De plus, cet indicateur pourra montrer l’écart qui existe entre la forêt protégée à l’intérieur d’un parc national et celle faisant l’objet d’aménagements forestiers en bordure. «  Cela peut devenir un outil précieux pour décrire la situation de manière quantitative et améliorer la discussion avec les voisins  », croit Martin Barrette.

La recherche pour une meilleure conservation

« Une bonne compréhension des milieux naturels des parcs nationaux est essentielle pour guider les stratégies de gestion et ainsi assurer la conservation des territoires qui nous sont confiés », explique André Despatie, directeur général des parcs nationaux et campings à la Sépaq.

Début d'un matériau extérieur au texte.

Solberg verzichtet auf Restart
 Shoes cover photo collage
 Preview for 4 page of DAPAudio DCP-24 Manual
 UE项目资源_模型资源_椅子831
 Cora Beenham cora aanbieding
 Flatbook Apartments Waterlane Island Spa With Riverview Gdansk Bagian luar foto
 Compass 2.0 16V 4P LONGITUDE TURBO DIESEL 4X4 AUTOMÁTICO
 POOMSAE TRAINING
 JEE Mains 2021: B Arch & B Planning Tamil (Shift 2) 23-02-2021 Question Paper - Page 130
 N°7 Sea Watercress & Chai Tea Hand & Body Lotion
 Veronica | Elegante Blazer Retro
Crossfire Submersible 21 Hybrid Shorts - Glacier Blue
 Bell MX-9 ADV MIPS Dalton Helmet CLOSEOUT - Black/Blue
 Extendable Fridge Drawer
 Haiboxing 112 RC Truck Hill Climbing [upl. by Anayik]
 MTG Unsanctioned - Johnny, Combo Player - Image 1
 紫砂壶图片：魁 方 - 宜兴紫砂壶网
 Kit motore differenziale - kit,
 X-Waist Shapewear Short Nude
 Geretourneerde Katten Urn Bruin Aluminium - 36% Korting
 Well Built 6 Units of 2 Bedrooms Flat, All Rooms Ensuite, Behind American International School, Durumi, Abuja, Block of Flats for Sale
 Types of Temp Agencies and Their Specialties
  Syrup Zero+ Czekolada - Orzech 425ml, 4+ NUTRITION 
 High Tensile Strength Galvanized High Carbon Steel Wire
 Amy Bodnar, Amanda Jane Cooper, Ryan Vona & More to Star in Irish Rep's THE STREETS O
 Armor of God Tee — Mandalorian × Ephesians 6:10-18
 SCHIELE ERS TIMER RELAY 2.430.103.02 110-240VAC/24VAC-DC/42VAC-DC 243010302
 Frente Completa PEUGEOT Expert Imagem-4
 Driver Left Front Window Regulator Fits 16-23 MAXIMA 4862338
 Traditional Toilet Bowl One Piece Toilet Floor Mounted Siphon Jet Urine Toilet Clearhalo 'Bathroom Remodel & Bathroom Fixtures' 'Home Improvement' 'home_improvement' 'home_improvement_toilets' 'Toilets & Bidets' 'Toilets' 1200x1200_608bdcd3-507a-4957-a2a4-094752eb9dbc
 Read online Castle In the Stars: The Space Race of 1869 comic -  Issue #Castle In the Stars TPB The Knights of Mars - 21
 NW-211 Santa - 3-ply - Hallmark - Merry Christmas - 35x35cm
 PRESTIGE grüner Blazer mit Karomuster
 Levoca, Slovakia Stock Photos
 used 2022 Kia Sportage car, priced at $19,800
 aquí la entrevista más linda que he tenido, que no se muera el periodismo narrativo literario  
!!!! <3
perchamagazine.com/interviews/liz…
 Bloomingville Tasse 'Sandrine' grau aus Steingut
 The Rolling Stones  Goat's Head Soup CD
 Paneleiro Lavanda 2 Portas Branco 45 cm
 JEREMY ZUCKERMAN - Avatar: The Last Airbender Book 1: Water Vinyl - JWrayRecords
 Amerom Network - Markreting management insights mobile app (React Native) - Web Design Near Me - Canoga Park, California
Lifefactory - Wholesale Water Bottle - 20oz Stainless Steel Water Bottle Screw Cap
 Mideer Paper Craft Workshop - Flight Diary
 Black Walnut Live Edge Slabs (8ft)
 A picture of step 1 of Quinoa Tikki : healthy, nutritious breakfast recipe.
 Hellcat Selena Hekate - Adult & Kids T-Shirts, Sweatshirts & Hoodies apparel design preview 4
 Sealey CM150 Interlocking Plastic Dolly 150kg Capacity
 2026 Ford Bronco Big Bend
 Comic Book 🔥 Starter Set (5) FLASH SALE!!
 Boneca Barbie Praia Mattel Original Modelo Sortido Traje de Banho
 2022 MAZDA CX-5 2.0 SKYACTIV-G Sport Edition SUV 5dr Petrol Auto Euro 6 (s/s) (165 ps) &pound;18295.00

« Pour y arriver, on veut augmenter le nombre de projets de recherche qui peuvent nous amener à mieux connaître les territoires des parcs nationaux afin de mieux les conserver », lance René Charest, spécialiste de la conservation à la Sépaq. Au‑delà des recherches en biologie, il souligne une volonté de travailler avec des chercheurs en sciences sociales, entre autres pour mieux comprendre les valeurs et préoccupations portées par la population et ainsi encourager sa participation aux efforts de conservation.

En 2010, la Sépaq a organisé un colloque pour amener les universités à s’intéresser davantage aux parcs nationaux. « Cela a porté ses fruits », constate‑t‑il. Par exemple, l’UQAR a créé, en collaboration avec le parc national de la Gaspésie, la Station d’études montagnardes des Chic‑Chocs. Installé au Centre de découverte et de services du parc, ce laboratoire offre un endroit privilégié pour préparer les instruments, enregistrer des données et conserver les précieux échantillons récoltés sur le terrain. Avec ce projet majeur, les scientifiques seront aux premières loges pour examiner les répercussions des changements climatiques sur cet environnement montagnard et alpin, ainsi que sur les plantes, insectes et mammifères rares ou caractéristiques qui l’habitent. La nouvelle infrastructure a déjà servi à des projets de recherche en botanique, en géologie et en entomologie, ainsi qu’à des activités d’enseignement. L’expertise acquise grâce à la station contribuera à l’exploration de solutions pour assurer la conservation de cet écosystème unique.

Si la science aide à mieux connaître les écosystèmes disparus il y a des centaines des millions d’années, elle permet aussi de mieux comprendre ceux d’aujourd’hui et de les préserver pour les générations futures.